A avaliação da jornalista Mônica Bergamo sobre os efeitos políticos da operação da PF (Polícia Federal) contra Cláudio Castro apresentou em evidência o impacto das investigações sobre a pré-candidatura de Flávio Bolsonaro à presidência. Segundo ela declarou à Rádio Band, uma intervenção policial contra o aliado fluminense “vira tiro de bazuca na pré-candidatura de Flávio Bolsonaro à presidência”.
A análise de Mônica ocorre em meio a novos desdobramentos das investigações envolvendo Castro, incluindo a apreensão e o desbloqueio de dois celulares e um tablet encontrados na residência do ex-governador do Rio de Janeiro durante a Operação Sem Refino.
Para Mônica Bergamo, o problema político de Flávio Bolsonaro não é apenas no avanço da PF sobre Castro, mas no momento em que a operação ocorreu. "Aliados avaliam que a nova investigação é um golpe severo para Flávio, que já tentou se distanciar de Castro por considerá-lo tóxico. O problema é que a PF agiu antes do distanciamento do virar fato público", afirmou o jornalista.
A declaração resume o tamanho do constrangimento político imposto ao senador. O afastamento em relação a Castro, segundo a leitura apresentada por Mônica, ainda não havia sido consolidado publicamente quando a investigação ganhou novos fôlegos. Com isso, a associação entre os dois passou a representar um fator de desgaste para Flávio em um momento de articulação nacional.

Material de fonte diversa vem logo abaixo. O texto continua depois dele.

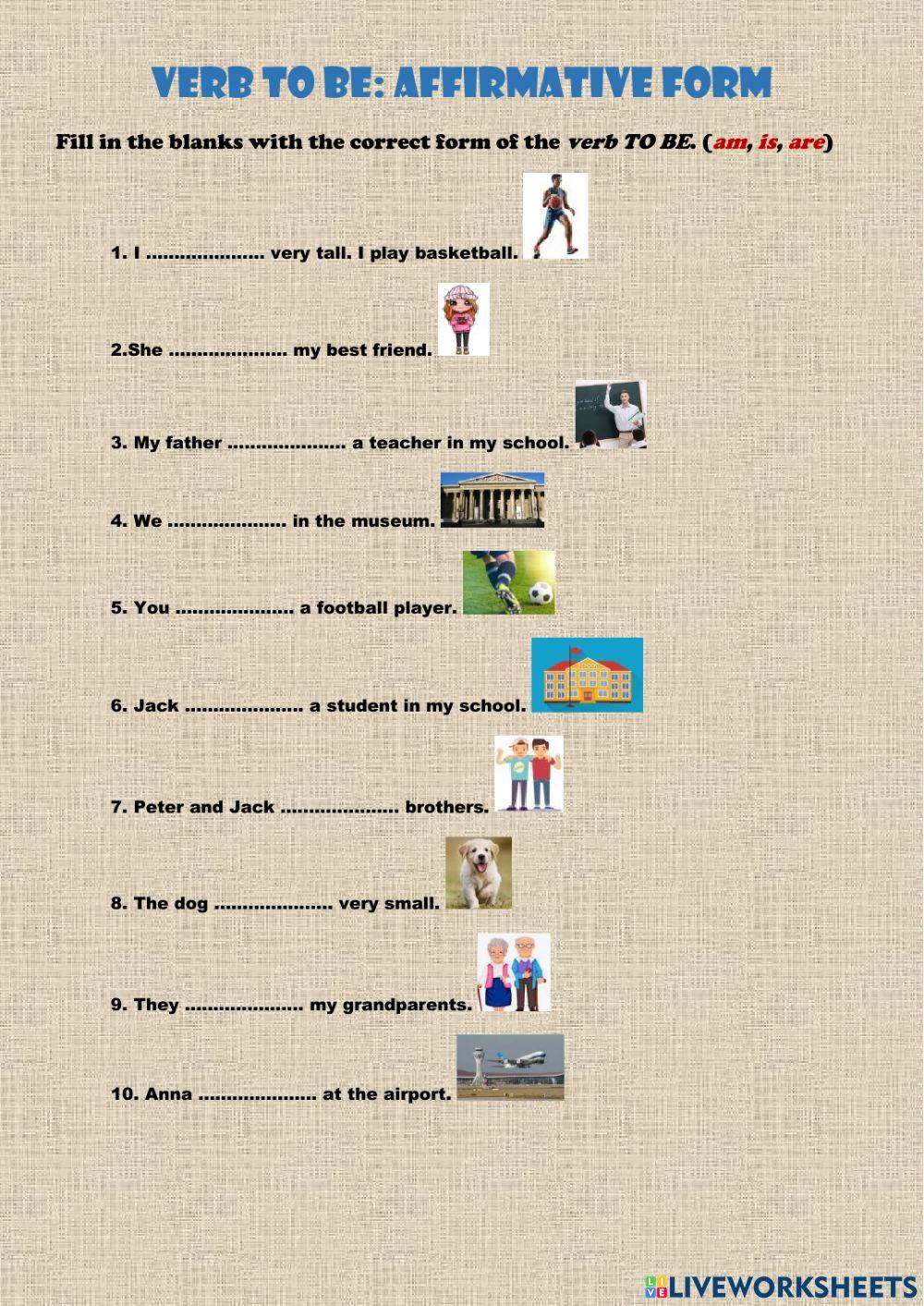 Subject pronouns. Verb to be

O caso afeta diretamente a construção política de Flávio Bolsonaro porque Cláudio Castro é identificado como um aliado relevante no campo bolsonarista. A nova fase da investigação transforma essa proximidade em passivo político e dificulta a estratégia de apresentar o senador como nome viável para uma eventual disputa presidencial.
A fala de Mônica Bergamo também aponta para uma seleção prévia de aliados de Flávio. Segundo o jornalista, os setores próximos ao senador já consideraram Castro uma figura “tóxica” do ponto de vista político e buscaram reduzir a exposição dessa relação. A ação da PF, porém, antecipou publicamente um desgaste que ainda não havia sido controlado.

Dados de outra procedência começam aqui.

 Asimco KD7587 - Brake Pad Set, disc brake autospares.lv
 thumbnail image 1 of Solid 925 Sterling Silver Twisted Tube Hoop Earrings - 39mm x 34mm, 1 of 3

O avanço da investigação ganhou peso adicional porque os aparelhos aprendidos na casa de Castro já foram desbloqueados e estão sob análise dos pesquisadores. O material recolhido pode ampliar o volume de informações disponíveis à PF e abrir novas frentes de apuração dentro da Operação Sem Refino.
Os equipamentos foram apreendidos em 15 de maio, quando a PF cumpriu diligências no âmbito da operação que tinha como alvo a Refit. A partir do desbloqueio dos celulares e do tablet, os agentes examinaram os dados armazenados nos dispositivos, em uma etapa considerada sensível para o andamento do caso.
A pressão sobre Castro aumentou ainda mais nesta terça-feira (26), quando ele foi alvo de um segundo mandato de busca e apreensão determinada pelo Supremo Tribunal Federal. Desta vez, o foco da operação são os transportes de quase R$ 3 bilhões feitos pelo governo fluminense em fundos ligados ao Banco Master.
Esse novo capítulo reforça a percepção de que o caso deixou de ser apenas uma questão jurídica envolvendo o ex-governador e passou a produzir efeitos políticos mais amplos. No entorno de Flávio Bolsonaro, a preocupação é que a investigação contamine o ambiente de sua pré-campanha antes mesmo de uma definição formal sobre seu papel na disputa presidencial.
A avaliação de Mônica Bergamo indica que a operação atingiu um ponto vulnerável da estratégia de Flávio. Ao tentar afastar Castro, o senador buscava reduzir o custo político da relação com o ex-governador. Mas a ação da PF, segundo o jornalista, ocorreu antes que esse movimento pudesse ser percebido pela opinião pública.
No Rio de Janeiro, os desdobramentos também provocaram a compreensão no ambiente político. Há preocupação em parte da Assembleia Legislativa fluminense diante do avanço das investigações e da análise dos equipamentos apreendidos na casa de Castro.
Para Flávio Bolsonaro, o desafio passa a ser conter os danos provocados pela associação com Castro em um cenário de exposição crescente. A investigação da PF, a perícia nos aparelhos e o novo mandado relacionado ao Banco Master ampliam o desgaste e colocam a pré-candidatura sob pressão.